Ahmad Taghfir, seorang penangkar burung di Desa Margoyoso RT 5 RW 3 Kecamatan Kalinyamatan, Kabupaten Jepara mengaku tahu Permen tersebut dari media sosial. Namun, hingga saat ini belum pernah ada sosialisasi kepada penangkar.
"Saya kaget dengar peraturan itu. Ya, takutnya akan berdampak buruk terhadap para penangkar hewan yang ada dalam peraturan tersebut," ujarnya kepada detikcom saat ditemui di rumahnya, Rabu (15/8/2018).
SCROLL TO CONTINUE WITH CONTENT
Dia sendiri merupakan penangkar burung diantaranya burung murai batu, love bird, merpati dan lainnya. Usaha tersebut dilakukan sejak tujuh tahun terakhir.
"Saya resah karena tidak tahu detil peraturan itu. Kalau memang mempersulit penangkat saya ikut menolak," paparnya.
Dikhawatirkan, jika peraturan itu mempersulit penangkar maka juga akan berdampak minimnya minat penghobi dan pedagang burung.
"Saya tidak tahu apakah nantinya akan dilepas atau harus bersertifikat, saya tidak tahu. Tapi kalau itu mempersulit akan berdampak omset," tuturnya.
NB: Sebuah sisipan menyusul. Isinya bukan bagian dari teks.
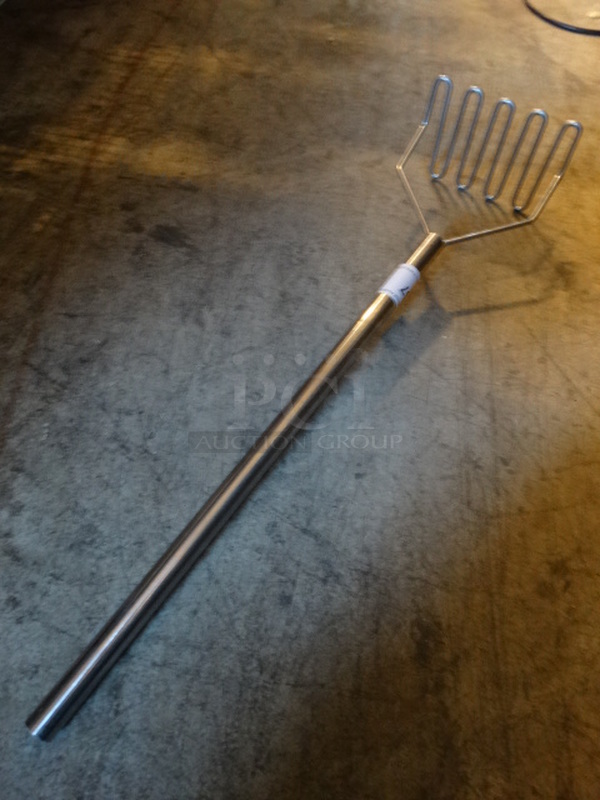 Metal Masher. 31x8x6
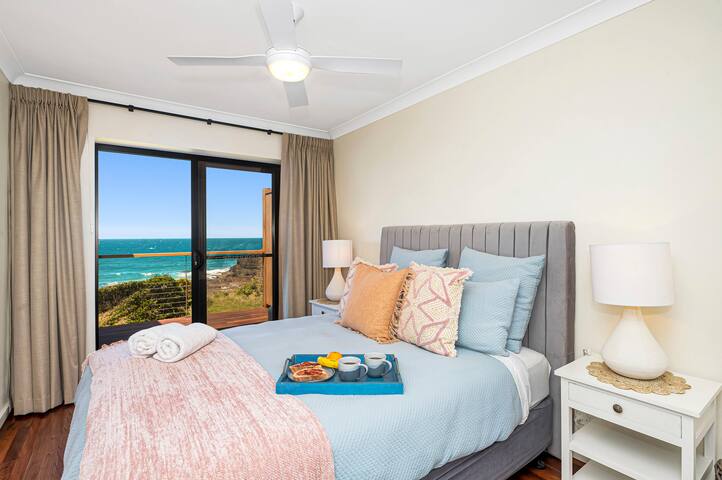 Panorama – Absolute Beachfront – Scotts Head gallery image 5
Diceritakannya, penangkaran burung mirai misalnya itu tidak mudah. Perlu berbulan-bulan bagi pemula untuk mempelajari karakter burung tersebut.
"Susah. Butuh berbulan-bulan bagi pemula. Mulai dari penjodohan, mengeram, menetas, sampai pemisahan anak dengan induknya. Baru umur dua bulan bisa makan dan bisa layak dijual," tutur dia.
Sedangkan harga burung murai bervariatif tergantung kondisi dan kualitasnya. Saat ini, dia memiliki sekitar 30 kandang untuk penangkaran burung murai. Ada sekitar 40 pasang burung murai batu.
"Mulai dari harga satu jutaan sampai lima juta, itu yang standar. Bisa lebih kalau kualitasnya bagus untuk lomba," tandasnya. (bgs/bgs)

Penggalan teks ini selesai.